**Exercise details**
Copy exactly the lines of the material below that fall between the line with "19 Sunny Way photo 22" and the line with "1187 BLACKRUSH DR — photo 18", both of those lines included; pictures stay out.

**Data to process**
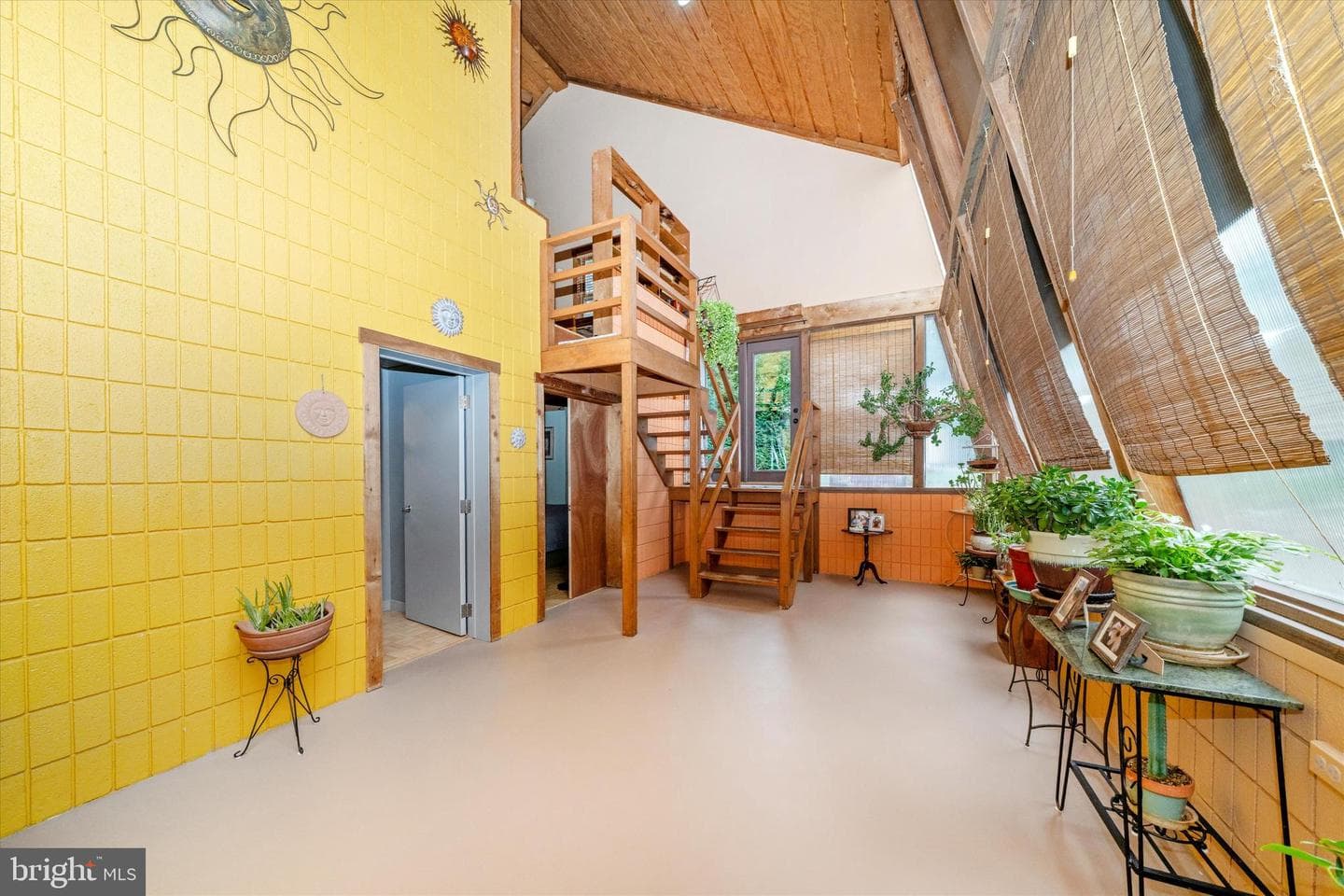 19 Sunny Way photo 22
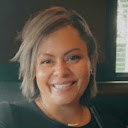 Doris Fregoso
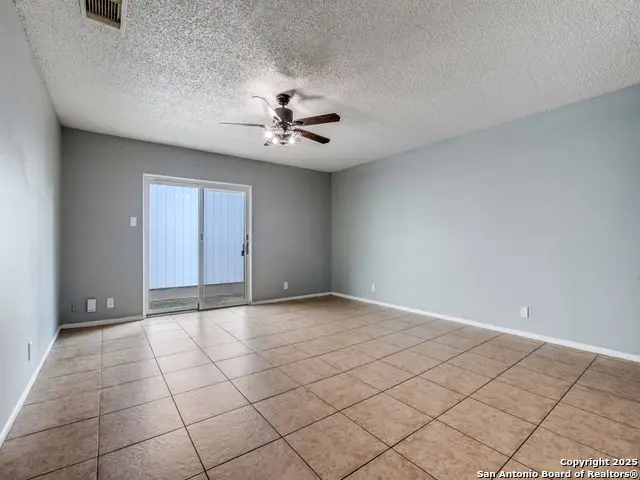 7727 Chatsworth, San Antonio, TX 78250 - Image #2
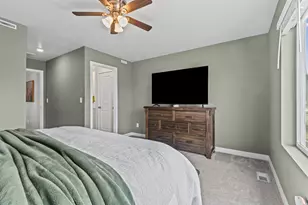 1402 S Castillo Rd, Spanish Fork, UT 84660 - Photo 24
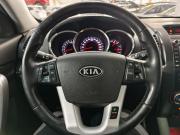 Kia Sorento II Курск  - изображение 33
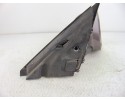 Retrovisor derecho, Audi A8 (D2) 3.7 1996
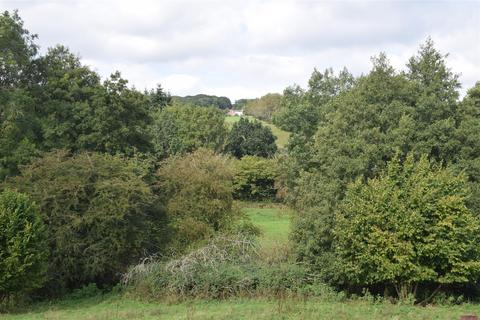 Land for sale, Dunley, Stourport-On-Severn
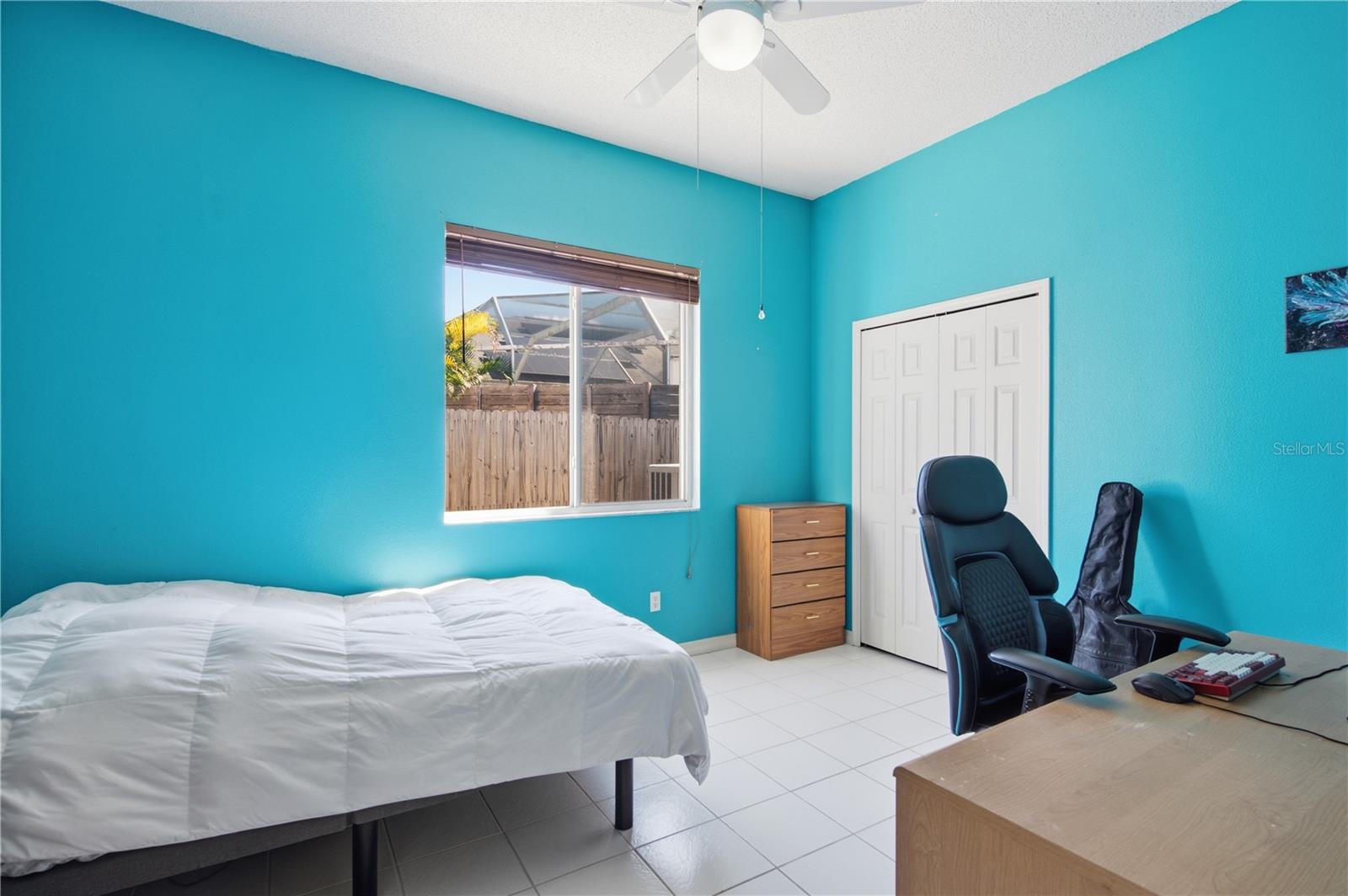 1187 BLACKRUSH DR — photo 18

==

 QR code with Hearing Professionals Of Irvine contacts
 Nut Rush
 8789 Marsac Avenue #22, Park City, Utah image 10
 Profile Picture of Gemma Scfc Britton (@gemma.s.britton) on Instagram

**Answer to this exercise**
 19 Sunny Way photo 22
 Doris Fregoso
 7727 Chatsworth, San Antonio, TX 78250 - Image #2
 1402 S Castillo Rd, Spanish Fork, UT 84660 - Photo 24
 Kia Sorento II Курск  - изображение 33
 Retrovisor derecho, Audi A8 (D2) 3.7 1996
 Land for sale, Dunley, Stourport-On-Severn
 1187 BLACKRUSH DR — photo 18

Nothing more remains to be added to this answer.